Naître d’en haut, comment cela peut-il se faire ? La remarque de Nicodème est pertinente en ce que Dieu, dans sa transcendance, dépasse infiniment tout ce que nous pouvons en percevoir par ses œuvres, œuvres qui, en dépit de leurs limites, portent en elles la marque de leur Créateur et permettent de Le découvrir ainsi que l’exprime l’apôtre Paul : « Ce qu'il a d'invisible depuis la création du monde se laisse voir à l'intelligence à travers ses œuvres, son éternelle puissance et sa divinité, en sorte qu'ils sont inexcusables (ceux qui ne reconnaissent pas Dieu) (Rm 1, 20).
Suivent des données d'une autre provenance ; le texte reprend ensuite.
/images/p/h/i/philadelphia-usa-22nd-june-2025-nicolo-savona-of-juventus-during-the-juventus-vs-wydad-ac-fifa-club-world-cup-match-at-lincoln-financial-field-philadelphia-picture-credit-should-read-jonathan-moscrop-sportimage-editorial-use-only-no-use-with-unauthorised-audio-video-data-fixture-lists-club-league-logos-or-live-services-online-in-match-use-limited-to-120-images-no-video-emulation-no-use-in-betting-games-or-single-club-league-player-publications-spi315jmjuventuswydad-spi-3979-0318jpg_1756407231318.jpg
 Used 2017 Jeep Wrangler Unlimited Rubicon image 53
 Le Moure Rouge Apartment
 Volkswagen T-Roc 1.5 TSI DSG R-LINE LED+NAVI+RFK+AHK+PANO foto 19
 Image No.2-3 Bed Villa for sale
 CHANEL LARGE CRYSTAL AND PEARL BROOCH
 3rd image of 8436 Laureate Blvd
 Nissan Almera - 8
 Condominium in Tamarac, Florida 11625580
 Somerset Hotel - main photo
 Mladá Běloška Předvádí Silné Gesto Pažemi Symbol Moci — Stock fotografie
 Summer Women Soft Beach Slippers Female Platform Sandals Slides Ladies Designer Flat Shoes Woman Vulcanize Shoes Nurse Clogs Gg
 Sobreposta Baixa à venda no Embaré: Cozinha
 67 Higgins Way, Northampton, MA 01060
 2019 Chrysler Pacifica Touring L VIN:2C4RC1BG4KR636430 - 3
Mais les œuvres n’étant pas le Créateur, cette connaissance demeurerait partielle de sorte que le Verbe de Dieu a fait irruption dans l’histoire dans la personne de Jésus pour se révéler complètement à nous, car nul n’est monté au ciel sinon celui qui est descendu du ciel, le Fils de l’homme, payant au surplus le prix du rachat de nos fautes sur la croix pour nous ouvrir la possibilité de partager l’existence de Dieu pour l’éternité :  De même que le serpent de bronze fut élevé par Moïse dans le désert, ainsi faut-il que le Fils de l’homme soit élevé, afin qu’en lui tout homme qui croit ait la vie éternelle. Toute l’existence de Jésus, de l’Incarnation à la mort sur la croix et sa résurrection n’a d’autre fin que de nous sauver. Pour assurer la continuité, pour actualiser ce salut obtenu par Jésus, le Paraclet, l'Esprit Saint, que le Père enverra en mon nom, lui, vous enseignera tout et vous rappellera tout ce que je vous ai dit (Jn 14, 26). L’Esprit Saint est celui qui ouvre le cœur et l’esprit aux réalités surnaturelles et nous fait naître d’en haut. Il souffle où il veut. Son action ne se limite pas aux croyants, notre Père qui est aux cieux ne voulant qu'aucun de ces petits ne se perde (Mt 18, 14). À tous ceux qui ouvrent leur cœur est offerte la possibilité de connaître Dieu.

 

Que dois-je faire pour avoir en héritage la vie éternelle? (Lc 10, 25)

 

Je prie l’Esprit Saint d’ouvrir mon cœur et mon esprit aux réalités surnaturelles et de me gratifier de ses dons pour m’aider à redistribuer l’Amour dont je suis le bénéficiaire.